De financiering van de wijkverpleging is de laatste maanden veel in het nieuws. En het nieuws is niet altijd even opbeurend. Het gaat over tariefsdalingen, te weinig budget, experimenten met populatiebekostiging en de vraag of dit wel goed is uitgedacht. Met rechtszaken tussen financier en zorgaanbieder tot gevolg.
Daar wil ik het echter niet over hebben. Het gaat mij om de verwarring die is ontstaan over de nieuwe financiering van de wijkverpleging binnen de eerste lijn. Sinds de wijkverpleging is overgegaan naar de zorgverzekeringswet is er vooral veel onduidelijkheid geschapen. Eerst de segmentenindelingen S1, S2 en S3 met voor- en tegenstanders. Daarna diverse rapporten met adviezen om meer duidelijkheid te scheppen. Die kwam er niet en nu is het wachten op een advies van de NZa voor de bekostiging vanaf 2017. En dat terwijl begin volgend jaar verzekeraars moeten beginnen met inkopen volgens het nieuwe bekostigingssysteem. Tot nu toe zie ik weinig ambitie om de wijkverpleging via bekostiging te ondersteunen in de uitvoering van haar prachtige werk.
Geen inkoop via respresentatie
Ondertussen gaan de verzekeraars alvast hun eigen gang. Dit maakt het alleen maar meer verwarrend. Vanaf 2016 is er geen sprake meer van inkoop via representatie. Nee, elke verzekeraar koopt in voor haar eigen verzekerden. Hier begrijp ik niet veel van.
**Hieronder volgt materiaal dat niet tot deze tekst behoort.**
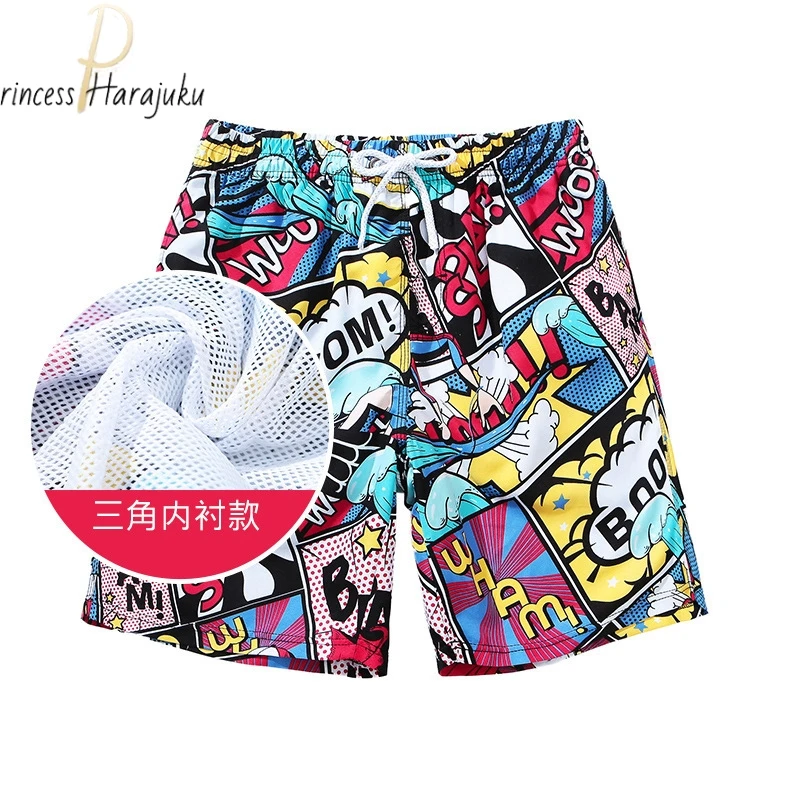 Пляжные парные модели купальник быстросохнущие трусы для мужчин одежда плавания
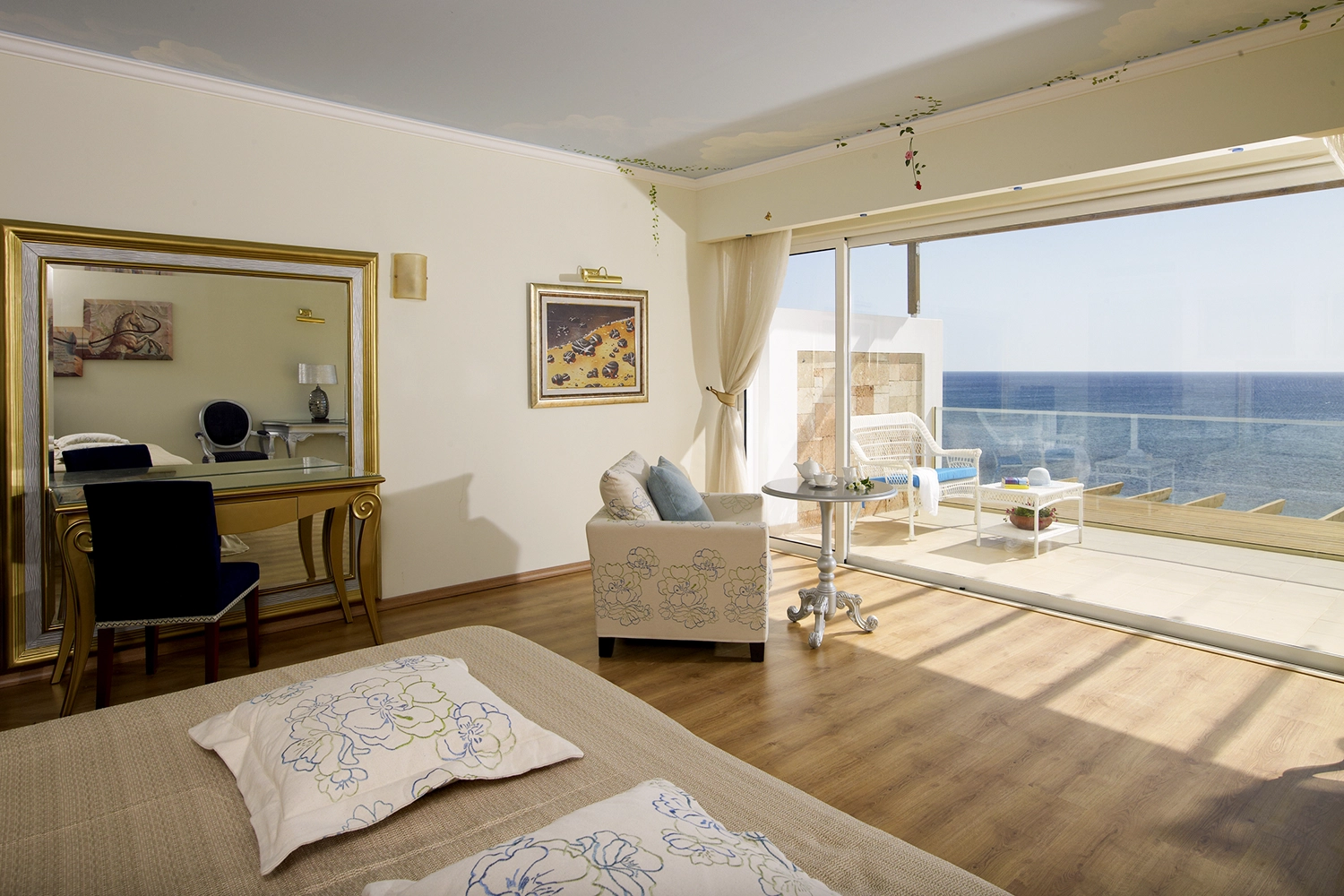 Chambre Platinum Beach – Vue Mer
De wijkverpleegkundige moet namelijk het gezicht zijn voor de wijk voor preventie, verpleging en verzorging. Politici, verzekeraars , collega-zorgprofessionals, gemeenten en ook zorgverzekeraars zeggen daarom veel te verwachten van de inzet van de wijkverpleegkundige. De wijkverpleegkundige werkt daarbij samen met onder andere huisarts en ziekenhuis. Het vreemde is nu dat de huisartszorg en ziekenhuiszorg beide via volgbeleid worden ingekocht. Meestal volgen zorgverzekeraars de dominante verzekeraar waar de huisartsen basisafspraken mee maken. Dit is vergelijkbaar met het representatiemodel van wijkverpleging in 2015.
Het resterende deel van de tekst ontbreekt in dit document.